Overview

API Keys are an ideal method for server-to-server communication, where the credentials can be kept secure and, therefore, can remain untimed. The ability to send a nonchallenged initial request for data provides a quicker response. API keys remain scoped as well, so you can use them with most levels of authentication, from Basic User to Super User.

Key Format

The API Key itself will be autogenerated on creation and will not change. The keys will all be 60 characters long and consist of 3 parts, described in some detail below. An example key looks like "nsu_ylP7TGZvubv2x3eO5fbHrLaByniJelnL0FRbHYKnevTvqIfC5897f65c."

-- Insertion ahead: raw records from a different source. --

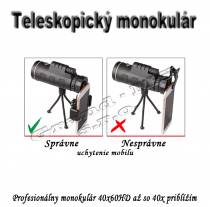 Monokulárny teleskop 40x60 HD so 40 násobným priblížením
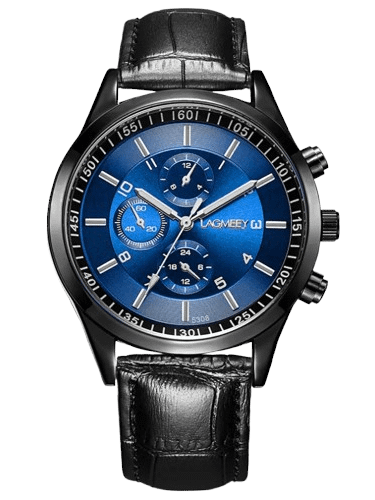 Korean students ultra-thin men's black steel belt sports luminous waterproof explosion three eyes, imitation six needle black watches product image (2)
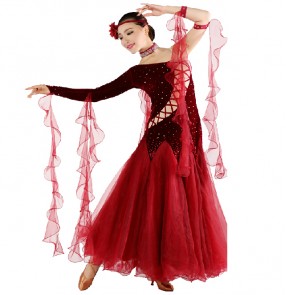 Women's one shoulder full skirt  long length ballroom dancing dress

• Prefix (4 characters)—The prefix will help with readability. It will also identify the scope level in use to help a developer understand the expected restrictions.
• Random Values 48 characters)—The main and middle parts of the key are all random hashes generated in a crypto-safe way.
• CRC Check (8 characters) - The last 8 characters are a CRC check of the first 52 characters. This adds to the length of the overall unknown random hash while also providing a way to validate if the key is formatted correctly without checking a DB or running any more complex check function.

Key Usage

You must also provide the full-length API key in the Authorization header with Bearer when using API key authentication. This format is very similar to that of the Access Token and JWT token, though the API will be able to determine the correct logic for the user based on the format of each type. An example of full header implementation would be. 

Header

Authorization: Bearer nsu_ylP7TGZvubv2x3eO5fbHrLaByniJelnL0FRbHYKnevTvqIfC5897f65c

Key Storage

The Key that is generated and sent to the developer on a create request or through the Admin UI is not stored in plain text in the DB. It is only shown to the developer/admin 1 time before it's stored in a non-reversible hash in the DB in a similar way a user's password is stored, which makes it impossible to extract it and read it back. The recommendation for the key storage on the application side would be to store it as securely as possible without it being shown out to the user or making it available in anything like a browser cookie, JavaScript code, or anything that can be extracted. It should be excluded from any version-controlled software and living only on the production servers or lab.

Key ID

The Key ID is used to identify the key once it has been created. It is created using the first 12 characters of the full API key, but this is the only part stored in plain text. This ID will be used to manage the key after it is added and for logging, including API logs and audit logs.

Read Only

API keys can be configured with a read-only flag. When set to yes, this will modify the scope permissions and leave only Read and Count actions as supported, preventing Create, Update, and Delete.

Revoking Access

API keys are not timed but can easily be revoked cluster-wide, including removal from the cache on all servers with a simple API request to the revoke API. The only data you need is the 12-character Key ID and authentication allowing access to that API Key. 

Tracking Usage

Usage can be tracked using a key ID. The metric is "api_v2_apikey_requests" and will include the key ID and the instance (hostname) where the requests are being made.